Bir akşam da evde oturdum ve bir arkadaşımdan aldığım kasetten Nâzım’ın şiirlerini kendi sesinden dinledim.
Şairleri, biz sıradan insanlardan ayıran şeyin ne olduğunu anlayabilirim umuduyla..
Bizde olmayan ‘iç kulak’
Gördüğüm şu ki sorun sadece “gramer” ve “sentaks”la ilgili değil..
Sözcükleri kuralına uygun olarak dizebildiğim ve doğru yazabildiğim halde benimkiler şiir olamıyor.
Aynı şiirdeki, aynı sözü benzer bir vurguyla okumama rağmen, benimki “şiirin kendi sesi” olamıyor bir türlü..
Demek ki, diye düşünüyorum, şairlerde bizde olmayan bir “iç kulak” daha var. O kulağın duyduğu ses, bizim duyduğumuzdan farklı..
Sanırım, şairleri kadınlar için biz sıradanlara göre çekici kılan şey, kadınlarda da benzer bir “iç kulağın” varlığı olmalı..
Her kelimeyi, ilk söylendiği ortamdaki vurgusu ve anlamıyla duyup kaydeden ve sonra o sözle her karşılaştığında aynı anlamı kayıtlardan çıkarıp beyne gönderen bir iç kulak!
‘Tatlım deme bana!’
Örneğin, sevgilinize ilk kez “tatlım” dediğinizde, bunu olumsuz bir ortamda kullandıysanız, sonraki her “tatlım” deyişiniz o ilk anlamına referans veriyor: “Tatlım deme bana!.”
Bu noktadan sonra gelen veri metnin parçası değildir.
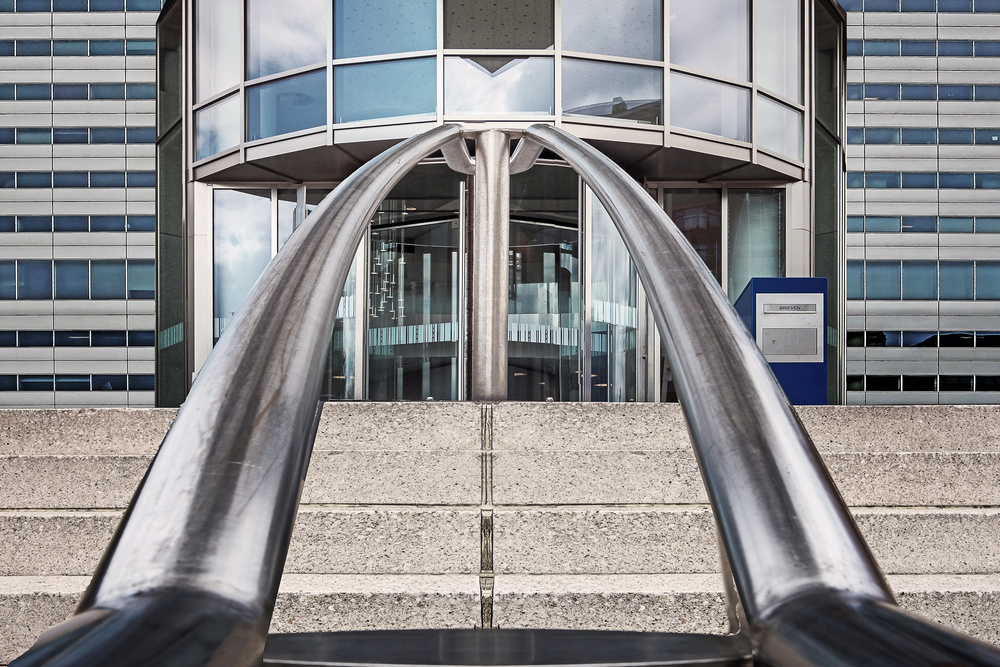 Bank entrance after renovation. von Henk Van Maastricht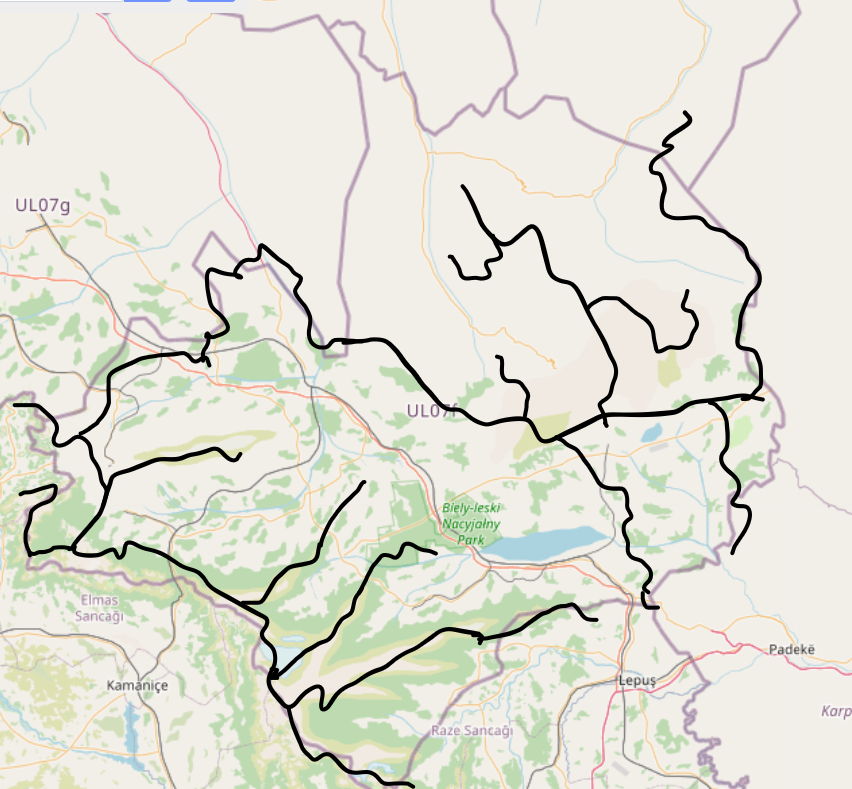 ridge map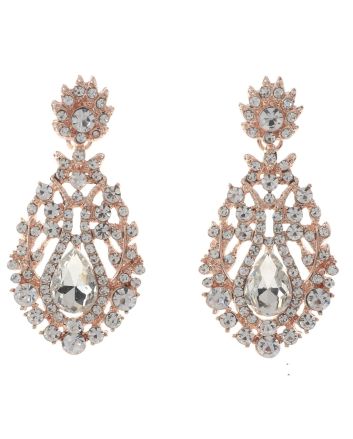 Rhinestone Post Earrings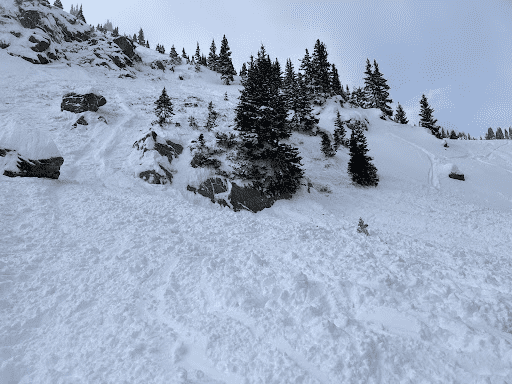 avalanche, berthoud pass, 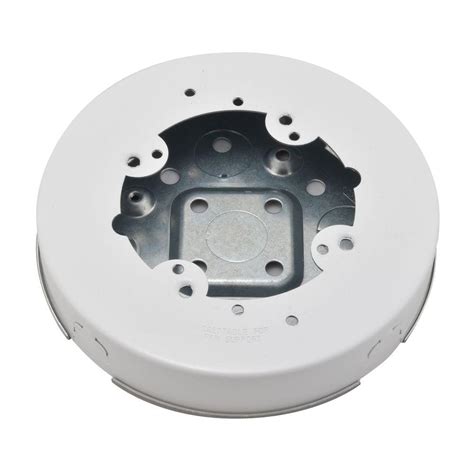 surface mount round junction box|shallow surface mount outlet box.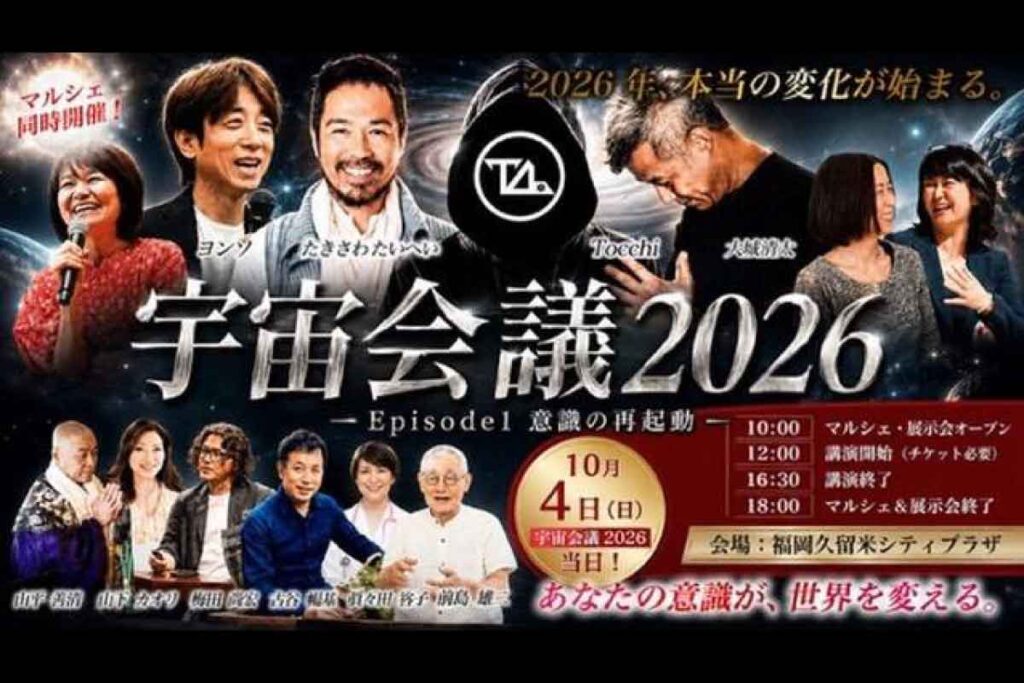 宇宙会議2026に参加します！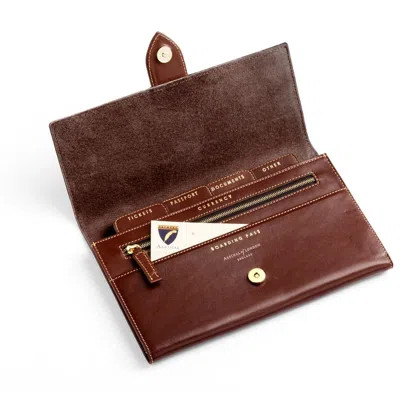 Aspinal Of London Deluxe Travel Wallet In Brown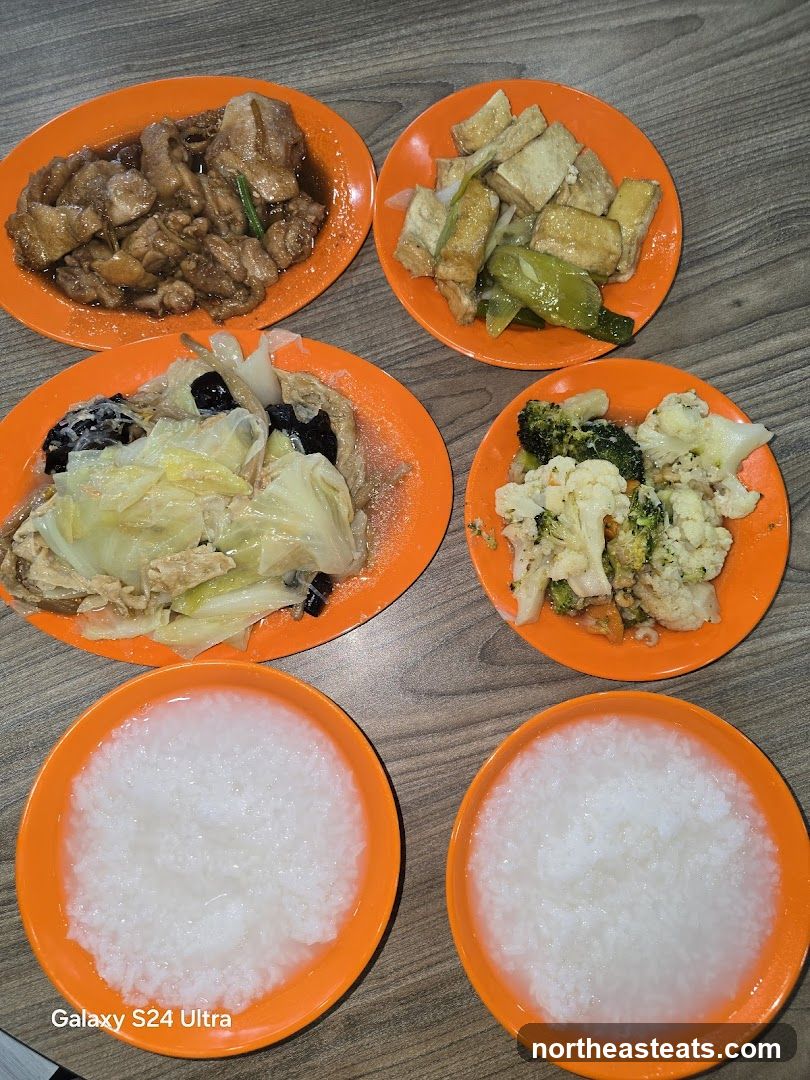 Dishes of Food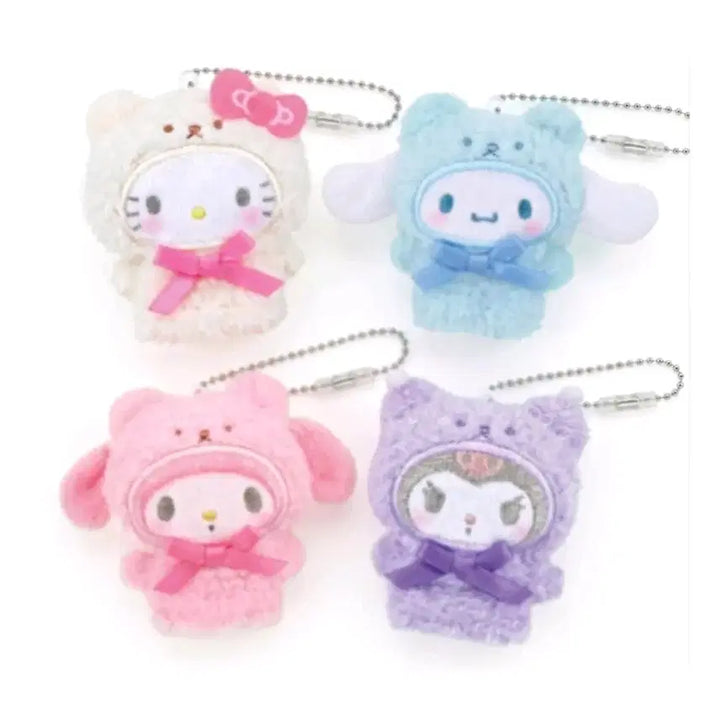 [BUNJANG] Sanrio Characters Finger Doll 4-Piece Set / 산리오 캐릭터즈 핑거 인형 4종세트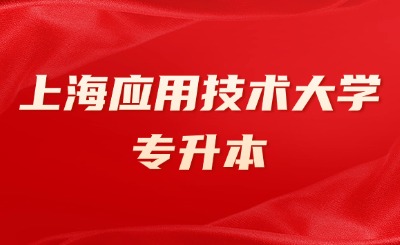 上海应用技术大学专升本专业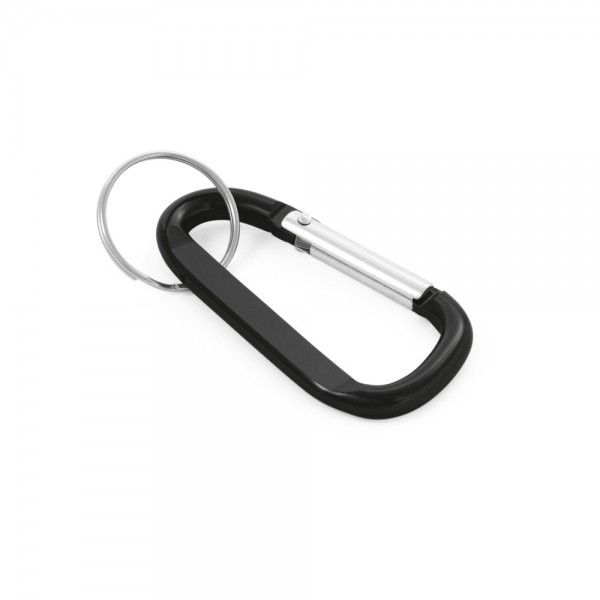 MATTHEW. Aluminium carabiner with keyring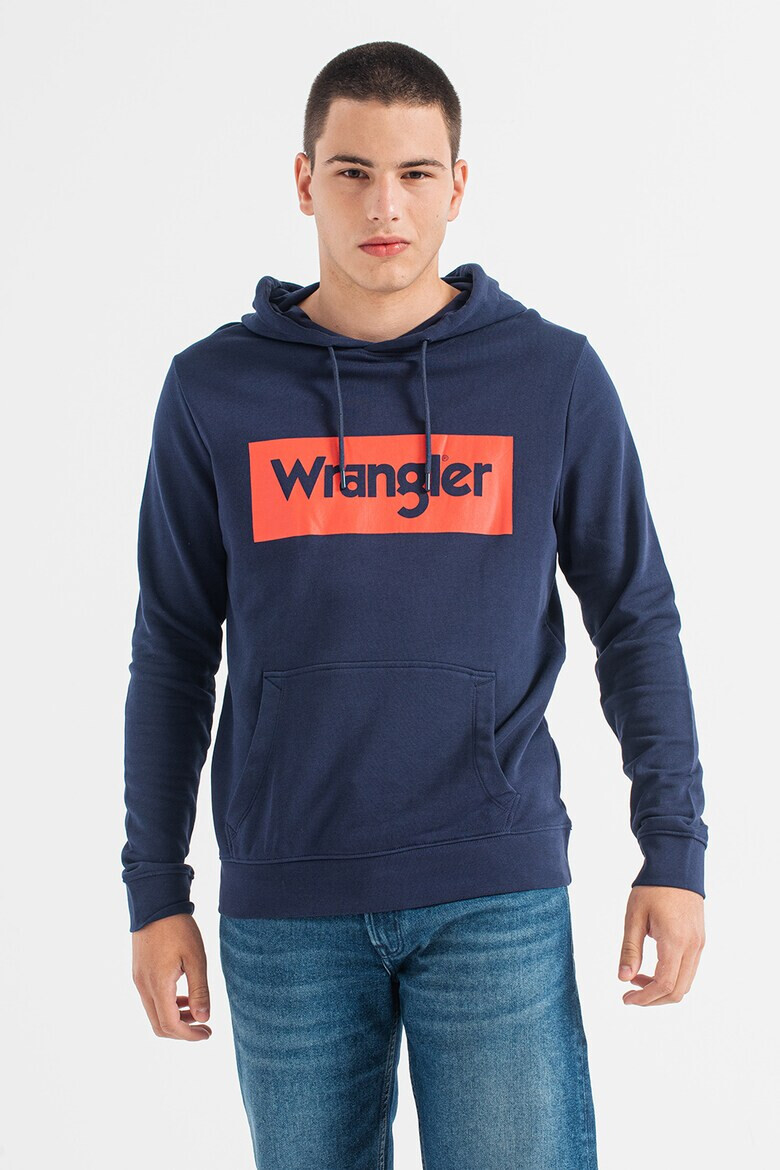 Wrangler Худи с лого и джоб кенгуру - Pepit.bg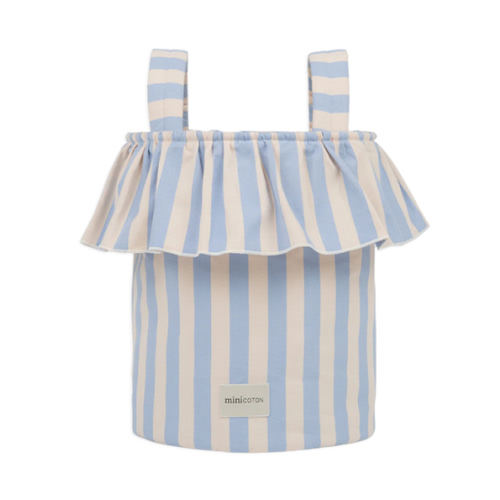 Stroller bag - Blue + Sand · Minicoton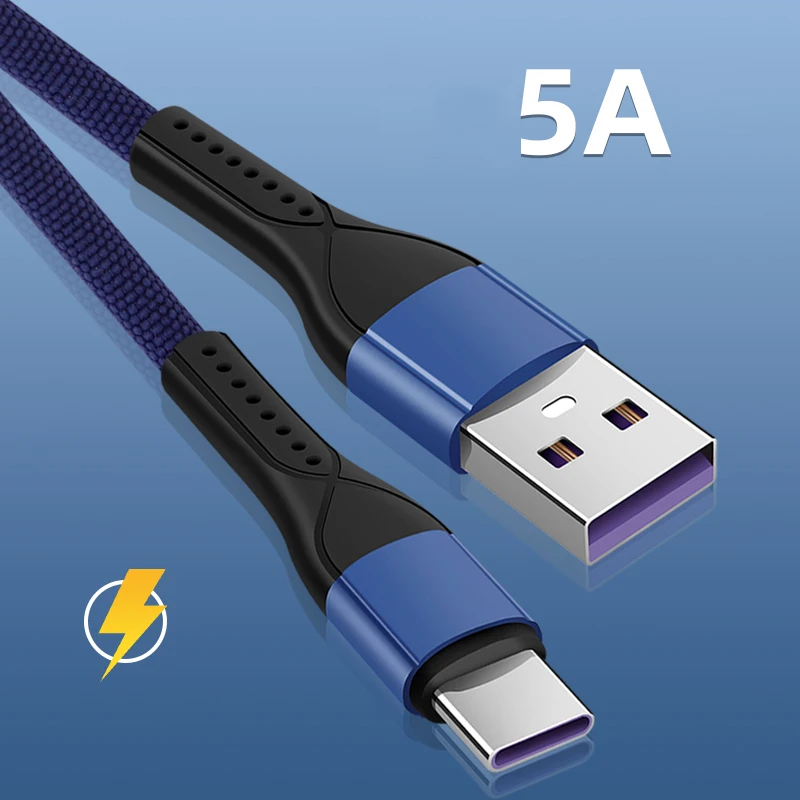 Кабель Micro usb 5A для быстрой зарядки Huawei Mate 40 Samsung Xiaomi Android мобильный телефон USB Type C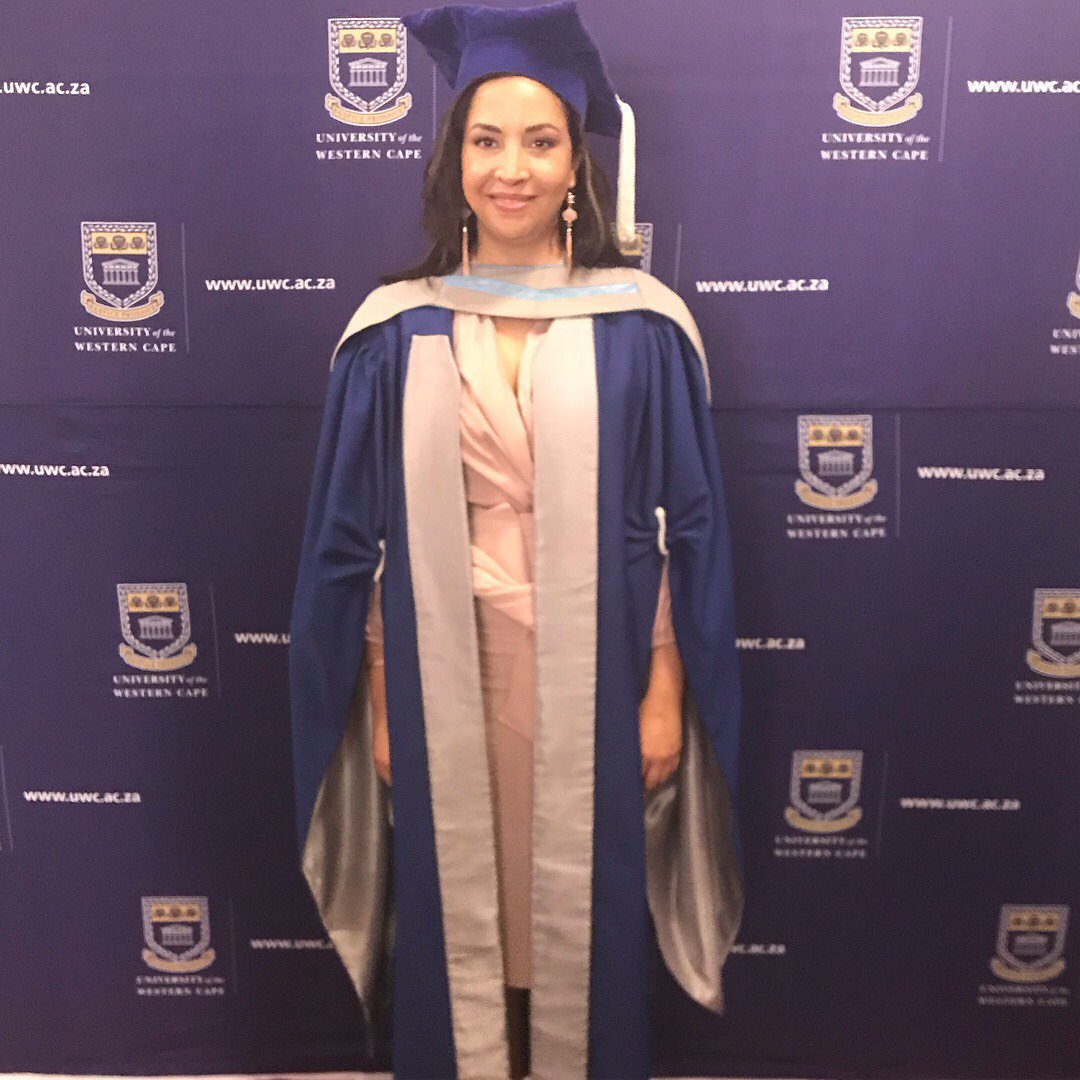 UWCPsychology's tweet photo. Congratulations to UWC lecturer Serena Isaacs for achieving her Doctor of Philosophy: Psychology, with a thesis entitled "The development of a contextually-based family resilience programme for families in a rural community on the West Coast" #uwcgraduation2018 #staffdevelopment https://t.co/UiXjmqF8lZ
Ve siz sevgilinizin söylediğiniz normal bir söze neden bu kadar sinirlenebildiğini anlayamıyorsunuz..
İşte böyle bir “iç kulak”tan söz ediyorum..
Artık, kadınların erkek şairlerden neden daha çok hoşlandıklarını daha kolay anlayabiliyorum..
Varsın şair sözü güvenilmez olsun.. Ne önemi var?
Önemli olan duygular değil mi ve o duyguları da en iyi şairler anlatmıyor mu?